In the end, Peggy Ellen won the fight, and her grandsons moved in. Good news for the boys — a safe home, grandma loved them — but remember that crazy car ride to the grocery store? Now, that was Peggy Ellen’s life. Every. Single. Day.
"I only had one child," she says, "and I was an only child. Two children? I knew nothing about that. And i’m like, 'Lord, why did you send me two? I can understand one but I can’t do two. I just can’t do this!’"
The hardest part was that she felt so alone. She ended up having to retire early from her job as a teacher, so she lost daily contact with her co-workers.

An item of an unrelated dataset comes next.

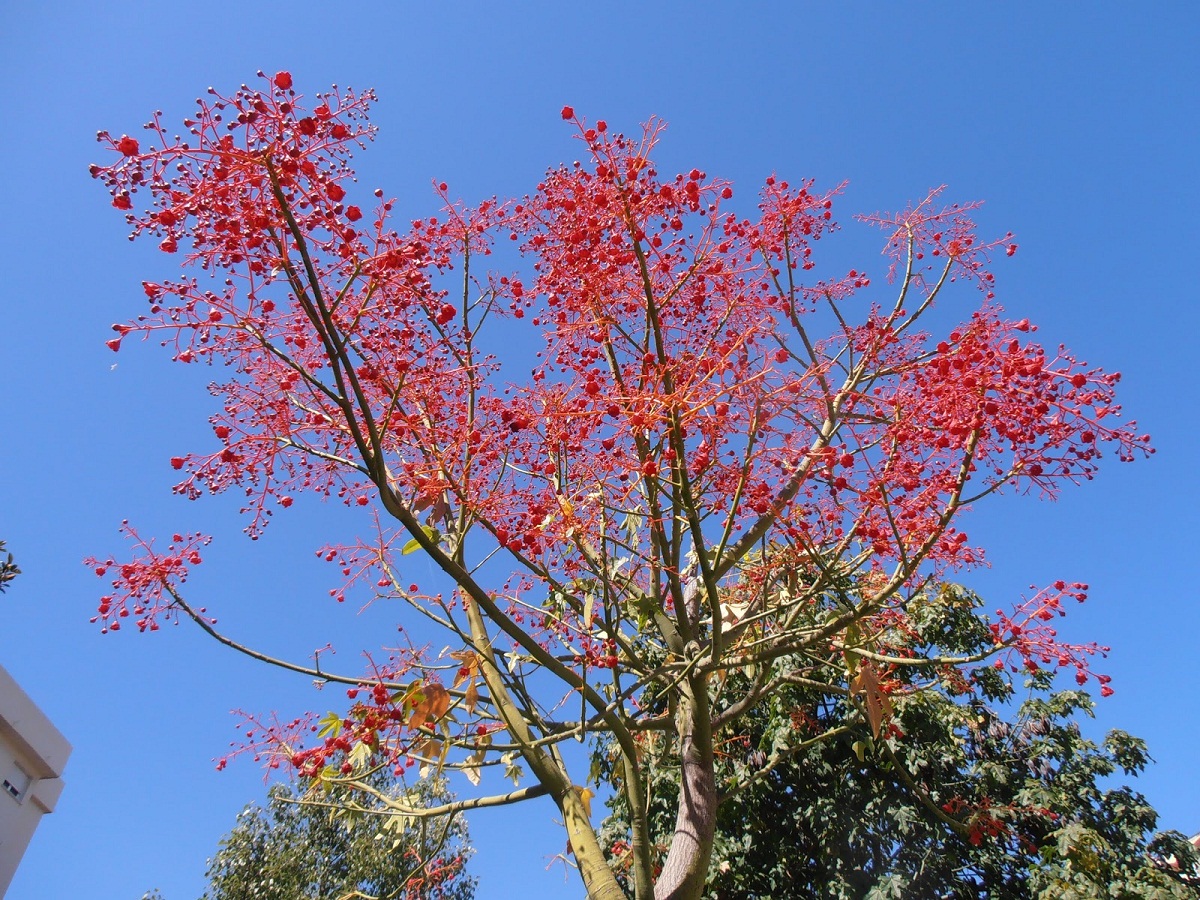 arbol de fuego o Brachychiton acerifolius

And most of her friends her age were kicking back, enjoying their empty nests.
Then Peggy Ellen heard about The Grandmothers Club.
Providing support
That's not actually this group’s real name. That’s just what the 20 or so women who come for the twice-weekly meeting call it. The real name is the Kinship Care Support Group, and it’s open to anyone who’s a primary caregiver to the kid of a relative or close friend.
Grandparents who act as primary caregivers to their grandkids are on the rise. In the last Census, a record 2.7 million grandparents were primary caregivers across the U.S. Some experts say the number may grow as the opioid crisis takes a growing number of parents out of commission.
The club meets a couple times a week at Fairhill Partners, a nonprofit on Cleveland’s East Side that organizes meetings and classes for the elderly. The women at today’s meeting come from all over Cleveland, but mostly from neighborhoods nearby. A lot of their grandkids are right downstairs, at a summer day camp.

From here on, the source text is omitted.